Pendant près de deux ans, semaine après semaine, l’armée a envoyé des tireurs d’élite entraînés avec un équipement de protection complet pour affronter les habitants de la bande de Gaza assiégée et malmenée qui sont allés manifester près de la barrière. À en juger par l’expérience accumulée pendant 50 ans d’occupation, chacun de ses soldats avait toutes les raisons de croire que, quoi qu’il arrive lorsqu’ils appuyaient sur la gâchette, le système les protégerait et couvrirait leurs crimes. Les 234 morts, les 17 enquêtes, et la seule mise en accusation — pour l’assassinat d’un garçon âgé de 14 ans — qui s’est terminée par 30 jours de travail d’intérêt général dans l’armée, une condamnation à une peine de prison avec sursis, et la rétrogradation au rang de simple soldat, prouvent qu’ils avaient raison.
Cet article a d’abord été publié en hébreu dans Local Call.

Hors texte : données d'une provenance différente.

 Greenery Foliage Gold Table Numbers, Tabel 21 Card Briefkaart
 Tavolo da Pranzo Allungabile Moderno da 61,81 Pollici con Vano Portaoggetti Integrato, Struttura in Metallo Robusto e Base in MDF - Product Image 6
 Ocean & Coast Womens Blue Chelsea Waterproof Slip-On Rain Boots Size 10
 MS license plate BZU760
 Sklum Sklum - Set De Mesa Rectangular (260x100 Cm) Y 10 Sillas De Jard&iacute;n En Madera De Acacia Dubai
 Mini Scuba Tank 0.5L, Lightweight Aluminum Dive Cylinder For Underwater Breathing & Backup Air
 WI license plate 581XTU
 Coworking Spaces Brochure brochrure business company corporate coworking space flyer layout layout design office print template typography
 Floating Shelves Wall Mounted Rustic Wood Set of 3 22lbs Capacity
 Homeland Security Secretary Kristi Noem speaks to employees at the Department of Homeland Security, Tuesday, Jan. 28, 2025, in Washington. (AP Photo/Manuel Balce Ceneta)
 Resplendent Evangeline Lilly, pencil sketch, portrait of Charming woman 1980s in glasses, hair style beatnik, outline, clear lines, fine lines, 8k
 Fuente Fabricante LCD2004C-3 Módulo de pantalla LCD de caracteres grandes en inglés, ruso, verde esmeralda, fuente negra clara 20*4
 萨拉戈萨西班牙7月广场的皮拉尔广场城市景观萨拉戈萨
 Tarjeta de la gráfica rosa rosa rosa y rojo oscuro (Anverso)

Orly Noy est rédactrice en chef à Local Call (Appel Local), militante politique, et traductrice de poésie et de prose en farsi. Elle est membre du bureau exécutif de B’Tselem et militante du parti Balad. Ses écrits parlent des traits qui se croisent et définissent son identité de Mizrahie, de femme de gauche, de femme, de migrante temporaire vivant à l’intérieur d’une immigrante perpétuelle, et du dialogue constant entre elles.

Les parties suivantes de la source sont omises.